3.2    Indien geen sprake is geweest van een zodanige schending wordt het beroep op die grond verworpen. Aan een verdere inhoudelijke beoordeling van het geschil wordt dan niet toegekomen.

3.3    Verzoeker heeft aan zijn herzieningsverzoek ten grondslag gelegd dat het hof een fundamenteel rechtsbeginsel heeft geschonden. Ter onderbouwing heeft verzoeker het volgende aangevoerd: de uitspraak van de raad, die door het hof is bekrachtigd, is gebaseerd op aannames die zijn gedaan op basis van vervalste e-mailberichten en het indienen van de klacht is volgens verzoeker destijds ingegeven doordat klaagster de declaratie niet wilde betalen.
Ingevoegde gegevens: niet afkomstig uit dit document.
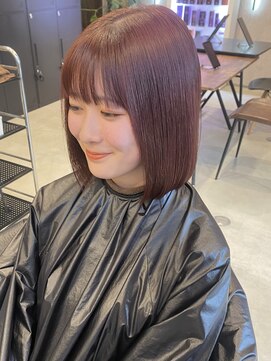 クオン 伊勢崎(QUON.) 大人ガーリー／チョコレート/モード／プリカール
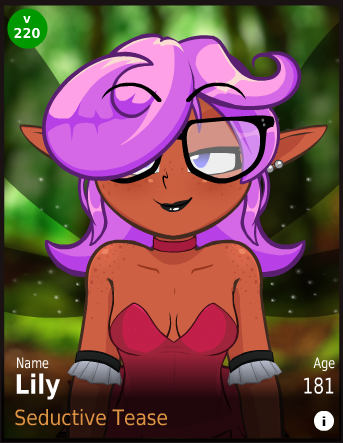 Lily's Profile Picture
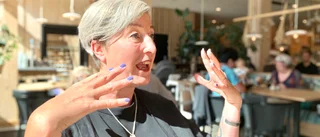 Västerbottensteaterns nya chef Challa Gustavsson har inlett sitt arbete: ”Jag tycker om att leda i förändring för jag är ingen förvaltare”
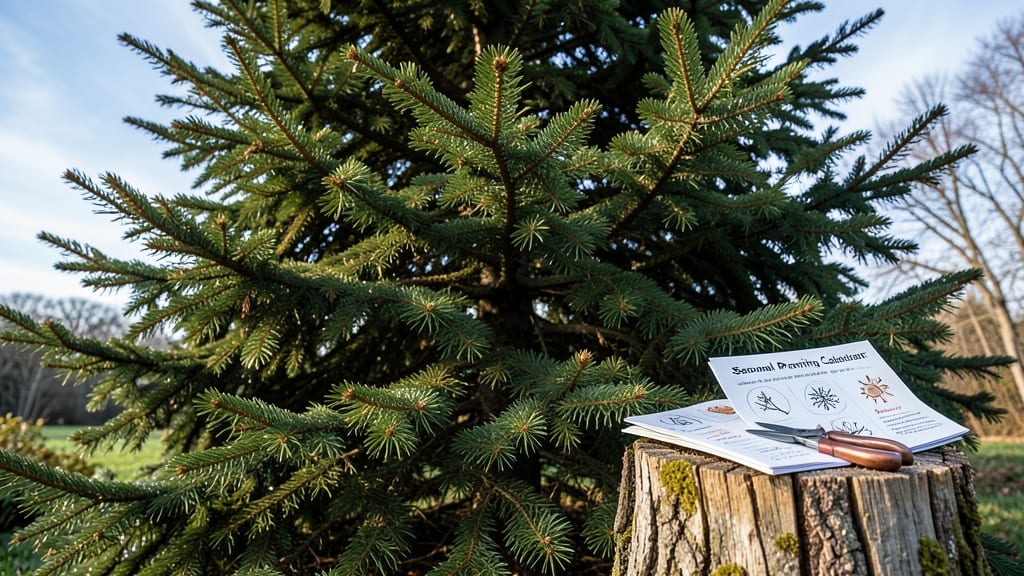 10 Christmas Tree Life: Pruning Secrets for 10+ Years of Lush Growth
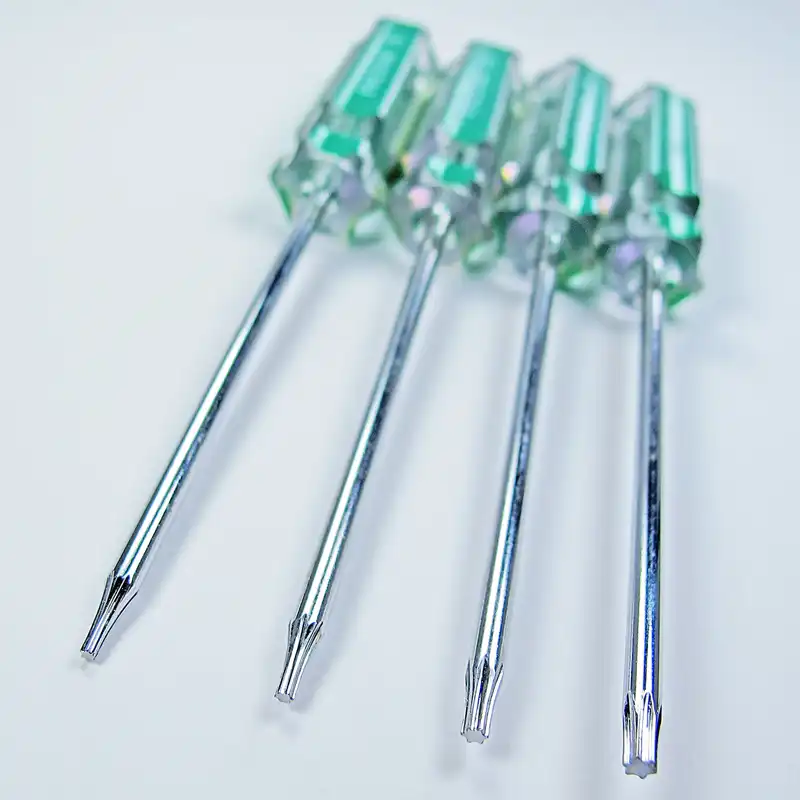 مجموعه 4 عددی پيچ گوشتی ستاره ای فايو استار مدل PA 2142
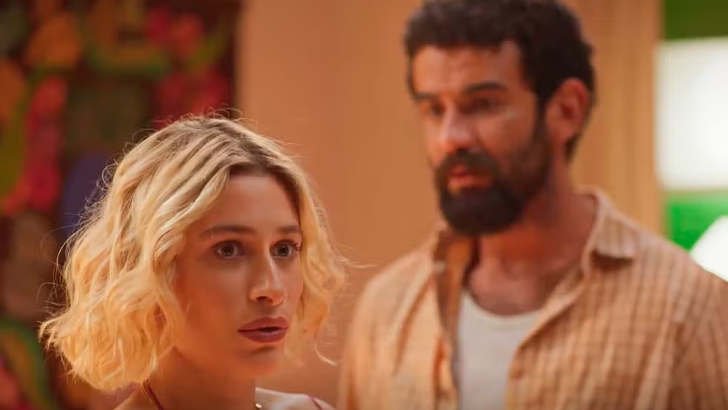 No Rancho Fundo: Zé Beltino leva tiro ao fugir de sexo na noite de núpcias Foto em No Rancho Fundo: Zé Beltino leva tiro;;;;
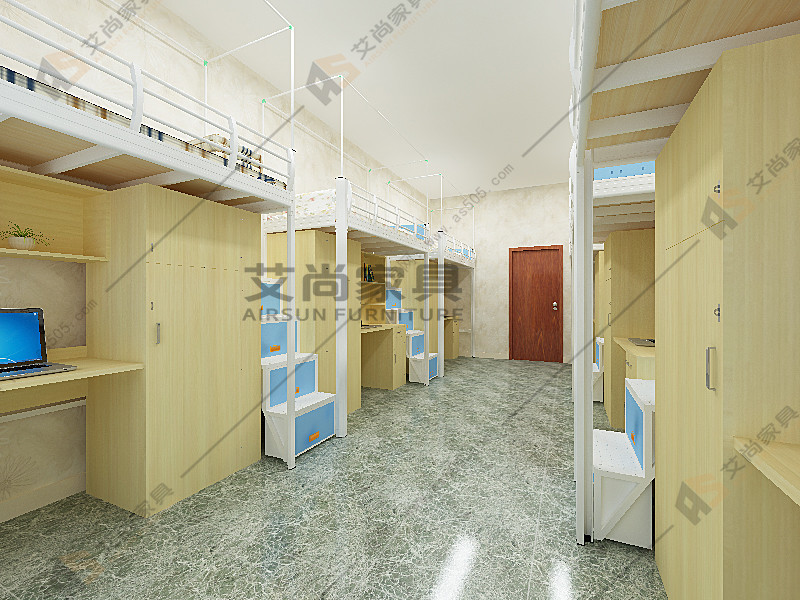 學(xué)校宿舍公寓床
3.4    De argumenten die verzoeker ten grondslag heeft gelegd aan zijn verzoek om herziening zijn door hem reeds in de voorgaande procedures aangevoerd en door het hof betrokken in zijn oordeelsvorming. Het betreft derhalve een herhaling van zetten. Ook in het kader van deze procedure is het hof niet gebleken dat er tuchtrecht is gesproken op grond van vervalste bewijsmiddelen. Verzoeker heeft dan ook geen deugdelijke grond naar voren gebracht waaruit het hof zou kunnen dan wel moeten afleiden dat geen sprake is geweest van een eerlijk proces.

3.5    Het hof concludeert derhalve dat het verzoek om herziening dient te worden verworpen.

BESLISSING

Het Hof van Discipline:

-    verwerpt het beroep van verzoeker

Aldus gewezen door mr. J. Blokland, voorzitter, mrs. M.L. Weerkamp, , B. Stapert, leden, in tegenwoordigheid van mr. V.H. Wagner,  griffier, en in het openbaar uitgesproken op 21 december 2018.

griffier    voorzitter                           

De beslissing is verzonden op 21 december 2018.